As for Frankfurt counterexamples, they gain their force as intuition pumps because they don't involve causal determination, and then we are asked to extrapolate to cases of causal determinism. So, if I go in with a bludgeon determined to deny moral responsibility in all Frankfurt cases, I get told that this is implausible because the controller isn't doing anything. A Calvinistic God, on the other hand, is doing plenty. He is predestining the outcome of each and every action we perform. So the very force of the Frankfurt counterexamples requires the controller to not to do what a Calvinistic God does, and so they don't do Calvinism any good.

Well now we're making a big jump from Frankfurt cases to Calvinism--I didn't say anything about Calvinism, just about Frankfurt cases.

I don't know whether you think the agents are morally responsible or not--you didn't really say one way or the other--but assuming you do, (and assuming indeterminism is true in the Frankfurt case), what is it about them that makes them morally responsible, do you think? If you don't, what is it about them that precludes the moral responsibility?

J said...

Incompatibilism would hold only if you assume dualism holds, or establish it in some sense--and then you are faced with the problem of interaction (some Mind if it's knocked out by a few shots of cuervo)-- which is to say, "ethics", including issues of punishment,etc follows from the ..ontology for lack of a better term.


Freedom itself a misleading term. You might be free, or at liberty to some degree to choose where you will go for lunch (tho' constrained by budget, etc)--burgers, OR soy product..--you're not free NOT to be hungry...your apparent choice results from pre-existing conditions (ie biological need for food), which is to say determined, for the most part.

Anonymous said...

Incompatibilism would hold only if you assume dualism holds, or establish it in some sense--and then you are faced with the problem of interaction (some Mind if it's knocked out by a few shots of cuervo)-- which is to say, "ethics", including issues of punishment,etc follows from the ..ontology for lack of a better term.

Why is this true? PvI is an incompatibilist and not a dualist.

Victor Reppert said...

I did some stuff on Franfurt counterexamples a couple of years ago. The first step in the process would be to try to say "PAP is true, therefore, the agents in the counterexamples are not responsible. Screw your intuition pump!" What you invariably get back when you say something like that is something that makes the controller case different from either naturalistic causal determinism or a Calvinistic God. The claim is that the controller isn't doing anything. But that's just the point. The lack of an actual causal role is what is driving these counterexamples. Once you see that, then you realize that they can't possibly justify compatibilism with respect to determinism, because their very force as examples relies on determinism being false. In cases where antecedent actual causes (as opposed to would-be causes), divine or otherwise, are the basis for denying PAP, Frankfurt counterexamples don't work.

J said...

incompatibilists who uphold freedom, morality, intention so forth generally want to imply an immaterial soul--ergo, dualism.
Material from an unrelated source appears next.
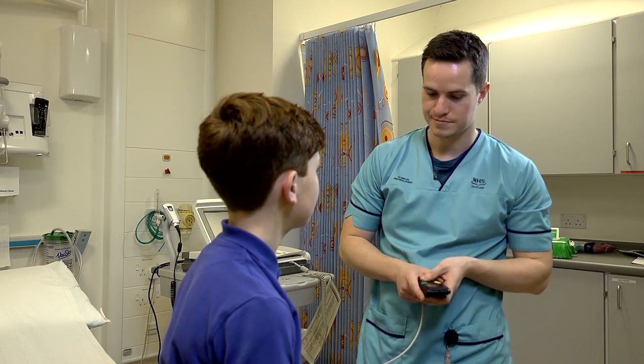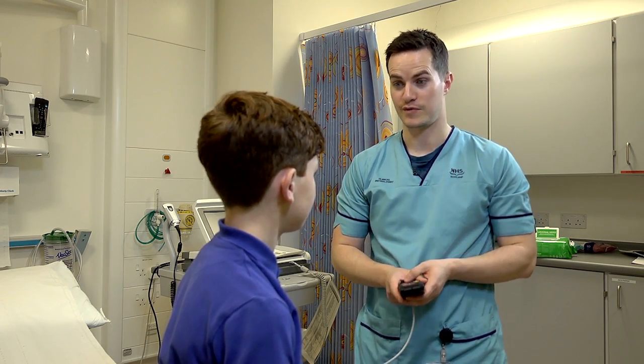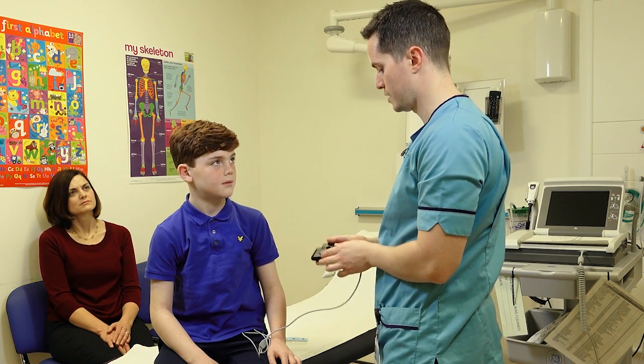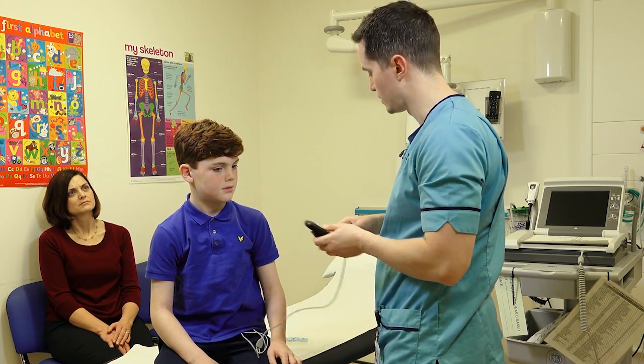In terms of how you wear it, you can really wear it wherever it's comfortable for you. It is small enough to be put in a pocket, or it's got a little clip so you can attach it onto whatever you're wearing.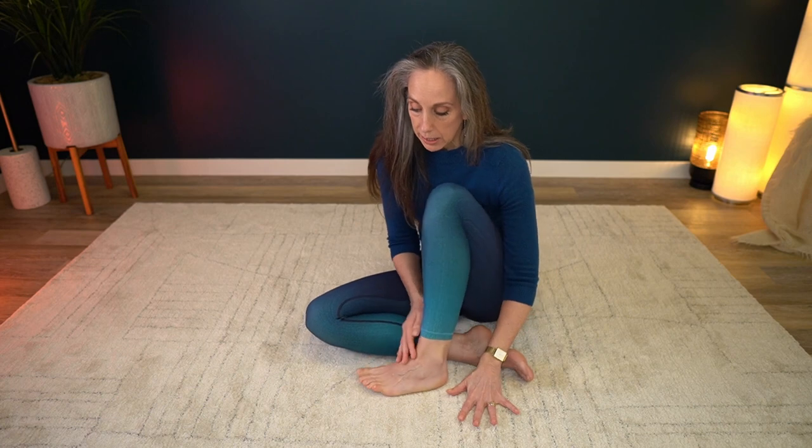The tendency is as we lift the big toe we want to shift the weight off the inside of the foot, and as we lift the pinky toes we tend to pronate or fall into the inside of the foot. Ideally, we're lifting the pinky toes up, relaxing them back down, then lifting the big toe up.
the naturalist "incompatibilist" on the other hand doesn't really say people are free, but just denies mind/freedom/choice altogether more or less. Are the Churchlands incompatibilists? no, just determinists.
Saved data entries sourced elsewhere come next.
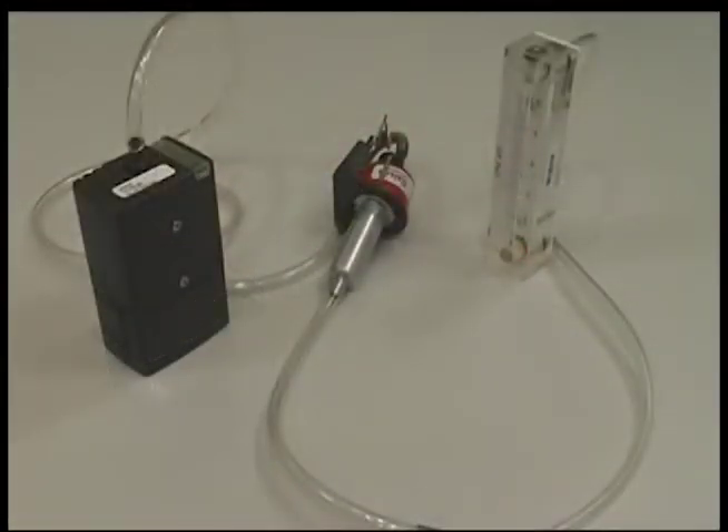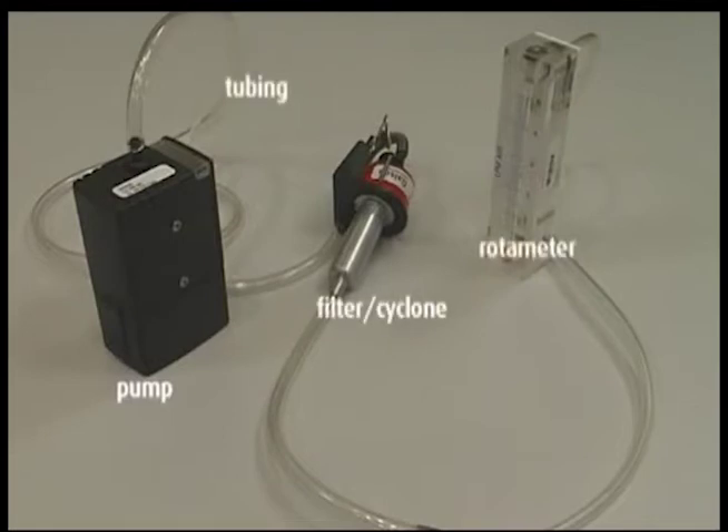The order of the components for calibration is: pump, tubing, filter cyclone with the calibration chamber in place, and rotometer.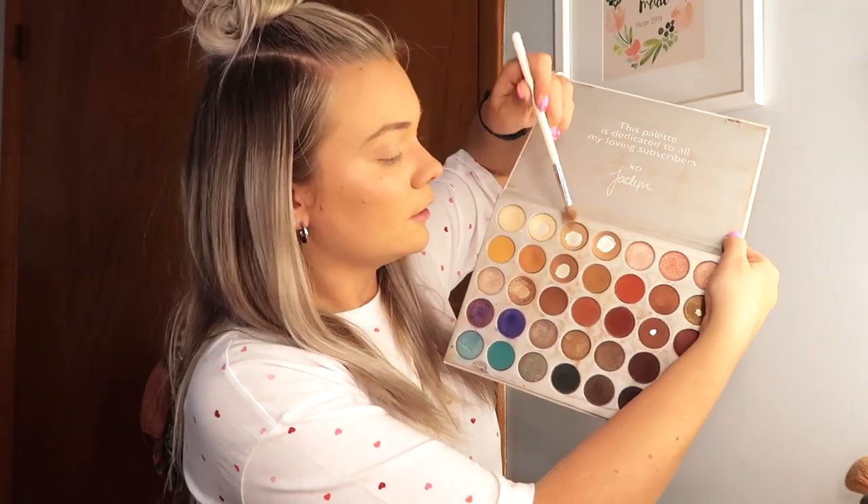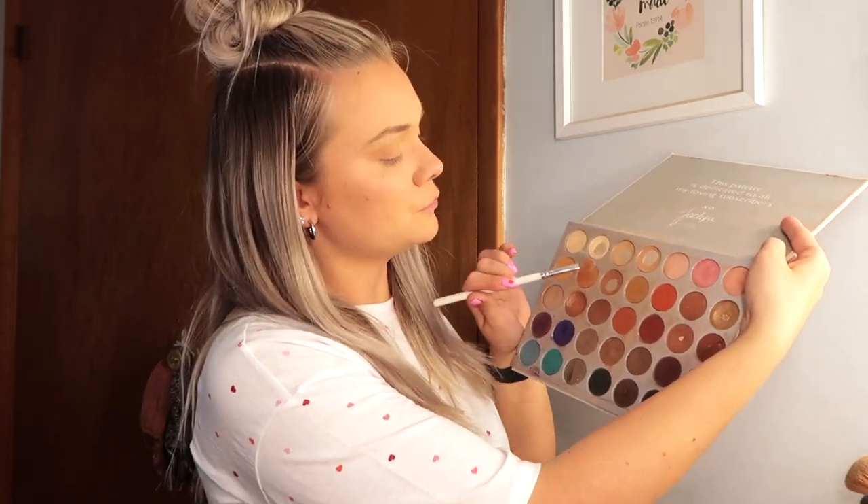I'm going to start out with a Morphe Jaclyn Hill JH33 brush and use these two colors just to start out in my crease. Then with the same brush we are going to go into this shade and put it in the same spot, just to make it a tick darker. I think we are just going to go a tick darker in the crease and call it a day for that. I wanted to make this eyeshadow a little bit lighter, so I'm going to focus it more on the outer side of my lid rather than blending it in super far.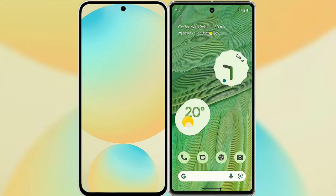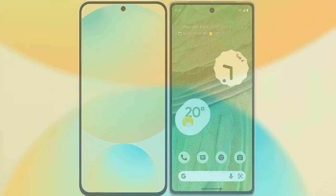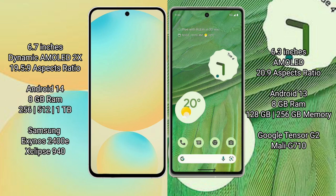I will compare the new Samsung Galaxy S24 FE with Google Pixel 7. Samsung Galaxy S24 FE features a 6.7-inch Dynamic AMOLED display with a sensor and aspect ratio of 19.5:9. Google Pixel 7 features a 6.3-inch AMOLED display.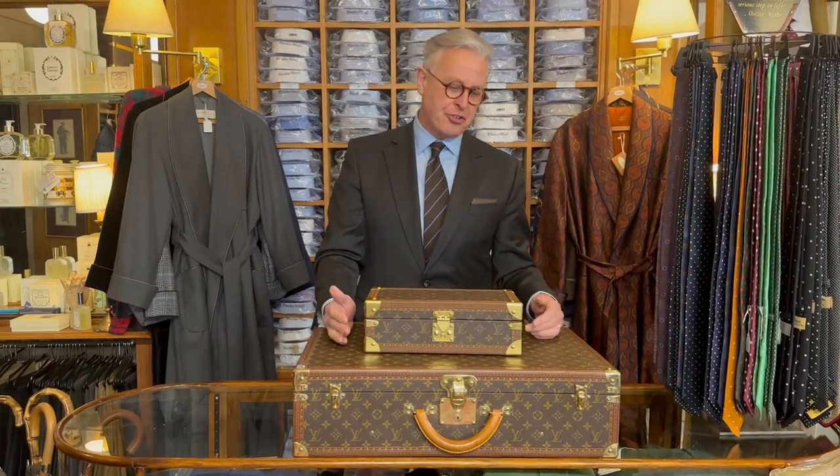If you went further and took the measurements from the Louis Vuitton website for this piece, this fake measures exactly one centimetre short in every dimension. So whilst it's a very, very good copy, it is a copy.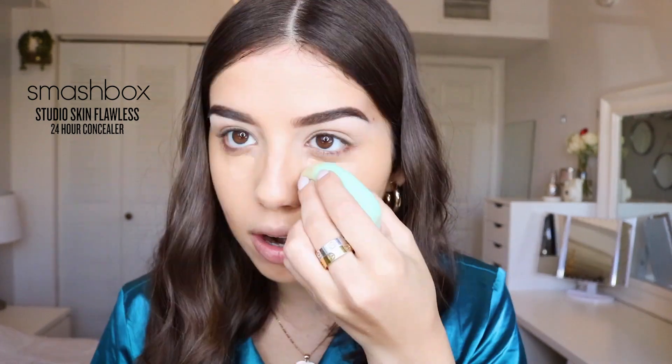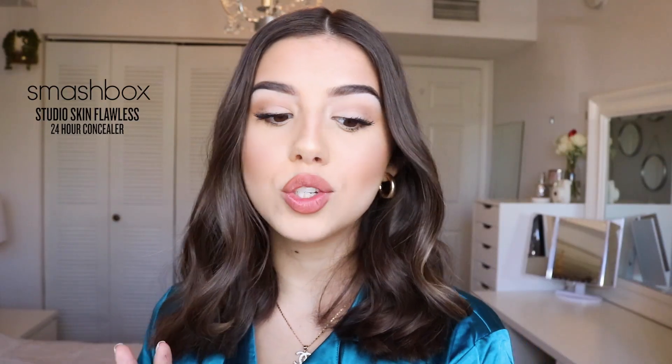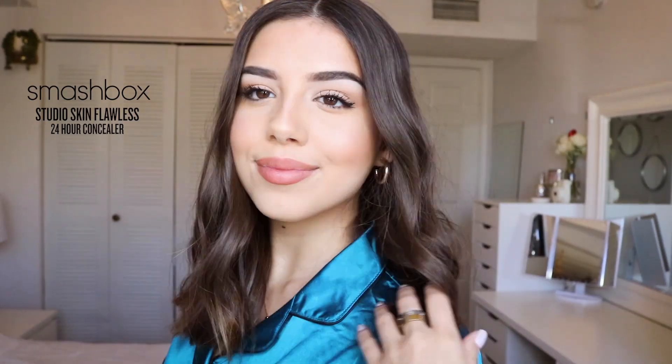making your skin look radiant and feel hydrated. There's a shade for everyone — so many different undertones with these concealers. It also doesn't crease or cake or set. It's super soft, super natural. Thank you Smashbox for working with me on this video.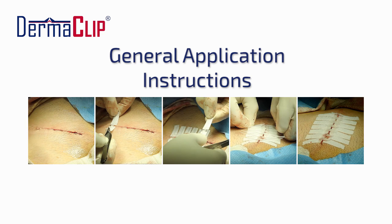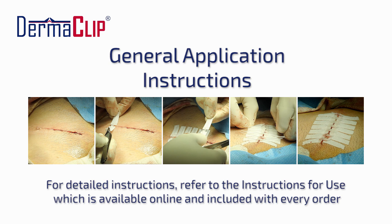Here is a video showing the application process for Dermaclip. More information can be found in the instructions for use available on the Dermaclip website.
There may be a few naturalist incompatibilists, but they generally misread popular treatments of quantum physics--a few subatomic glitches have little or nothing to do with human brains. What's more even if some event was not determined by physico-chemical factors (extremely rare) that doesn't thereby mean someone's free...and for that matter the pre-existing factors/causes are mostly unknown to the agent anyway (ie was it..twinkies, or poor toilet training from 20 years ago, or maybe poverty, genetic factors??/)

See Honderich's page for some non-dogmatic approaches to this issue. The compatibilists (even the dastardly Hume) were mainly in the right, tho' their knowledge of cogsci/brain science was limited

Anonymous said...

Well, I don't mind if the incompatibilist responds as you did--"screw your intuition pumps, PAP stands"--but that's not where the intuition lies. You can hold on to PAP all you want, but intuitively, the folks in Frankfurt cases are responsible despite having no AP. Lots of people attest to this, and if you are so stuck in your ways, "blinded by the god of the incompatibilist world" that you won't give up on PAP, then I don't know if we can have any discussion.
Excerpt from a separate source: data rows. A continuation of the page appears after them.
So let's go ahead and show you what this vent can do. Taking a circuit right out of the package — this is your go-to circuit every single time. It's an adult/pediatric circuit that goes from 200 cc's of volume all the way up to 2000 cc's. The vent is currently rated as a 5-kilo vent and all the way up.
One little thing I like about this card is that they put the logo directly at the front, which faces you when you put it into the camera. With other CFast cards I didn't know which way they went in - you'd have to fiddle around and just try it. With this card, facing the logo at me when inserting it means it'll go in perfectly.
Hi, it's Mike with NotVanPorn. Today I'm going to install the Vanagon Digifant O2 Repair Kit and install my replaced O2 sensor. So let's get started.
But here is my second point. If they are responsible, yet have no AP, what is it that makes them responsible? Furthermore, if they don't have to have AP to be responsible, what exactly is the problem with causal determinism anyway? People don't like determinism because it rules out AP--but if we don't need AP, why not determinism?

Still, I don't know how you respond. You're not really telling me.

Anonymous said...

incompatibilists who uphold freedom, morality, intention so forth generally want to imply an immaterial soul--ergo, dualism.

Can you name some incompatibilists who want to uphold freedom, morality, intention, so forth, and think that this requires the existence of an immaterial soul?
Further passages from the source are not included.